The week that was: 26 November 2010

USPS and union agree extension, Greene adamant on Royal Mail progress, and Deutsche Post DHL eyes growth… Good afternoon, and welcome to our weekly news round-up. Post&Parcel extends its best wishes to our American readers who are celebrating Thanksgiving. Let’s have a look at who made the headlines this week.

Starting in the US, where the Postal Service has agreed to extend current working arrangements as it continues discussions with the American Postal Workers Union (APWU). Negotiations between the two sides are now set to continue to December 1, after this week’s extended contract deadline passed with no agreement. However, discussions with the National Rural Letter Carriers Association, which ground to a halt at the weekend, look set to remain in stalemate. The full terms of the 2006-2010 Collective Bargaining Agreement with the APWU will continue for the rest of this month, the union confirmed. The Agreement had been due to expire on November 20. “The future of 220,000 postal workers and their families is at stake,” said APWU president Cliff Guffrey. “We are committed to achieving a beneficial contract, and ask for the continued support of union members.” Key sticking points centre on USPS proposals to counter some of its $8.5bn annual losses and declining mail volumes with a more “flexible” workforce. Unions are objecting to proposals for wage freezes and benefit cuts, along with a move to a five-day week. The APWU said it wants to see less work outsourced to the private sector or turned over to managerial personnel, citing record productivity levels being achieved by USPS workers. “The union’s strategy has been to offer proposals that will also benefit the Postal Service,” insisted Guffrey. “Returning work to our members makes sense because our members can perform the work more efficiently and less expensively than subcontractors and supervisors.”
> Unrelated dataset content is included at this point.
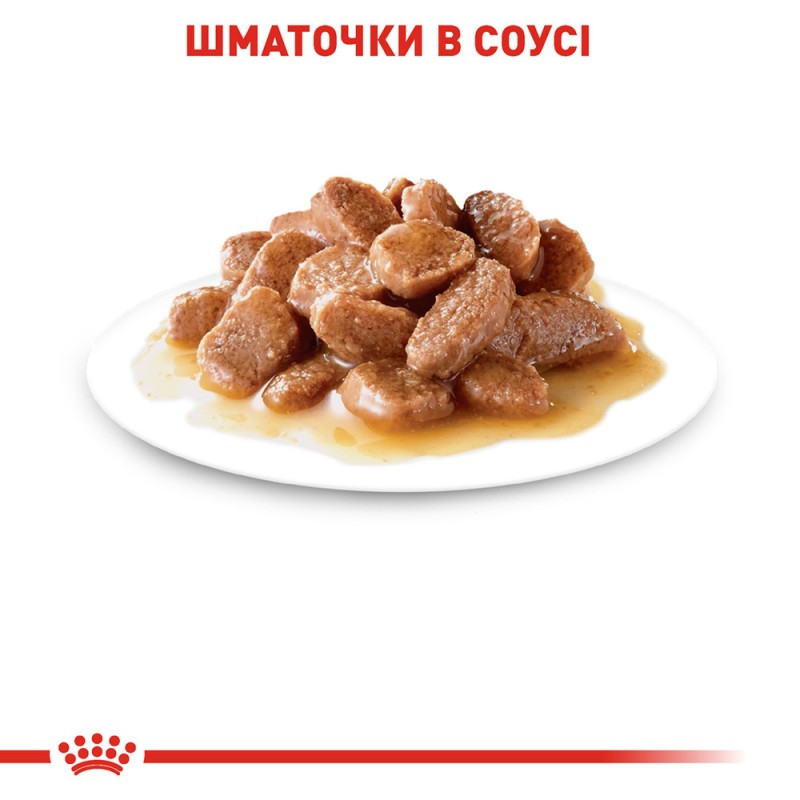 Royal Canin Intense Beauty in Gravy Консерви для дорослих кішок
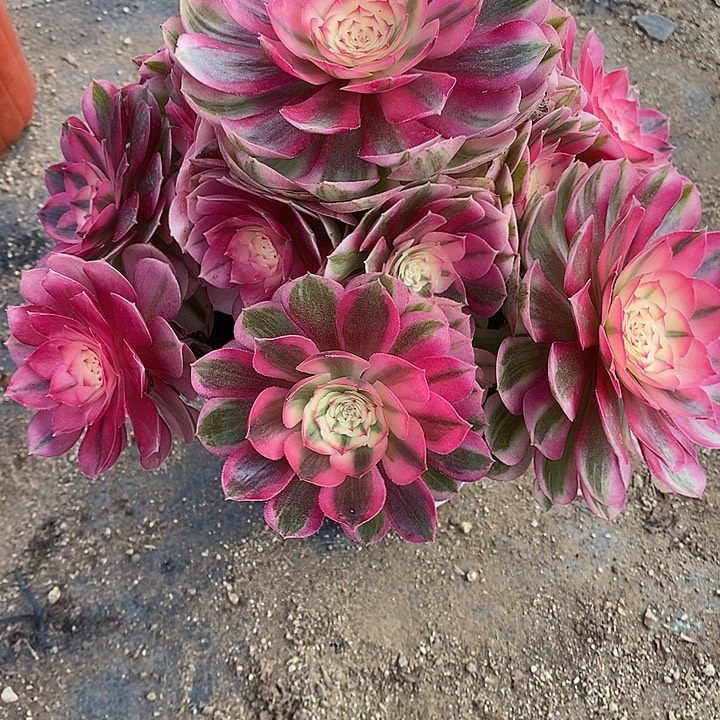 多肉植物540多肉倾城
In the UK, Royal Mail’s chief executive Moya Greene claimed that criticism of the operator’s modernisation programme was unfair. Greene said the company is making “great progress”, and also praised the government over plans of reform. Speaking at an industry conference earlier this week, Greene said: “I have heard a lot about Royal Mail being slow to modernise, being inefficient, and the necessity to keep Royal Mail under a great deal of pressure to become more efficient. What I have seen does not correspond to what I have heard. It is not ‘fair comment’ to talk about Royal Mail as if it were a company uninterested in change, unable to modernise, as if it were a company that did not understand the efficiency imperative that faces everybody in this industry.” The chief executive said it is a “momentous time in the history of the company”, and an important phase for universal service providers, in order to continue to provide “great levels of service”. In defence of the company, Greene added: “Royal Mail has surpassed any other modernisation programme I have seen. It is a challenge for me to listen as I hear the kind of criticism we have received.” Greene concluded by saying that “now is the time for very significant regulatory reform”. She said: “We respect regulation. We respect there is a need and a value in regulation, but we have been waiting for a long time for regulatory reform. We have been waiting since 2007, and for all of that time, we have not been able to see the road to real viability in this regulatory framework we already have.”
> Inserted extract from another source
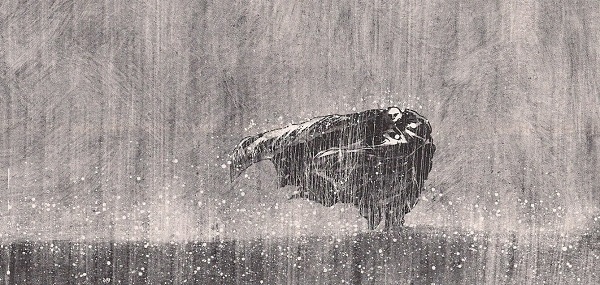 Larcenet-blast-pluie7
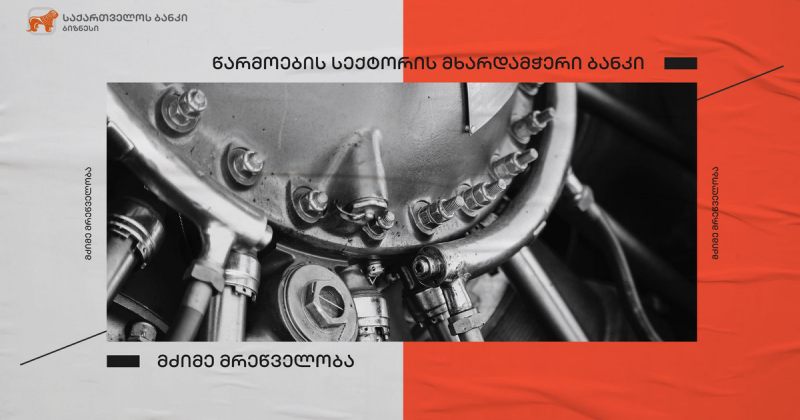 ® საქართველოს ბანკის ფინანსური მხარდაჭერით შპს კაია-მ  ახალი საწარმოო ხაზი გახსნა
Across the Channel,  Deutsche Post DHL said it intends to “significantly increase its earnings” in the coming years and become “the industry’s trendsetter in profitability”. After announcing its Strategy 2015 based on the two pillars mail and logistics last year, the Group now further specified its targets during an investor conference held today in Frankfurt. For its DHL divisions the Group intends to generate annual EBIT growth by an average of 13 to 15% through 2015, based on the expected operating profit of more than EUR 1.3bn this year and assuming the absence of another major global economic downturn. In the process, which will be impacted in the next two years by investments in the further development of the existing business, the company expects earnings momentum to accelerate towards the end of the period. The MAIL division is to stabilise its annual earnings contribution at about EUR 1bn. During the current year, it is expected to generate between EUR 1.1bn and EUR 1.2bn. “Thanks to our products and services, we are already the leader in many areas. We now intend to set the pace in the industry in profitability terms as well,” Frank Appel, the CEO of Deutsche Post DHL, told investors and analysts in Frankfurt. “In recent years, we have laid the strongest foundation for this by introducing far-reaching efficiency-enhancing measures. In future years, our focus will be directed clearly at generating growth – in terms of both earnings and revenues.”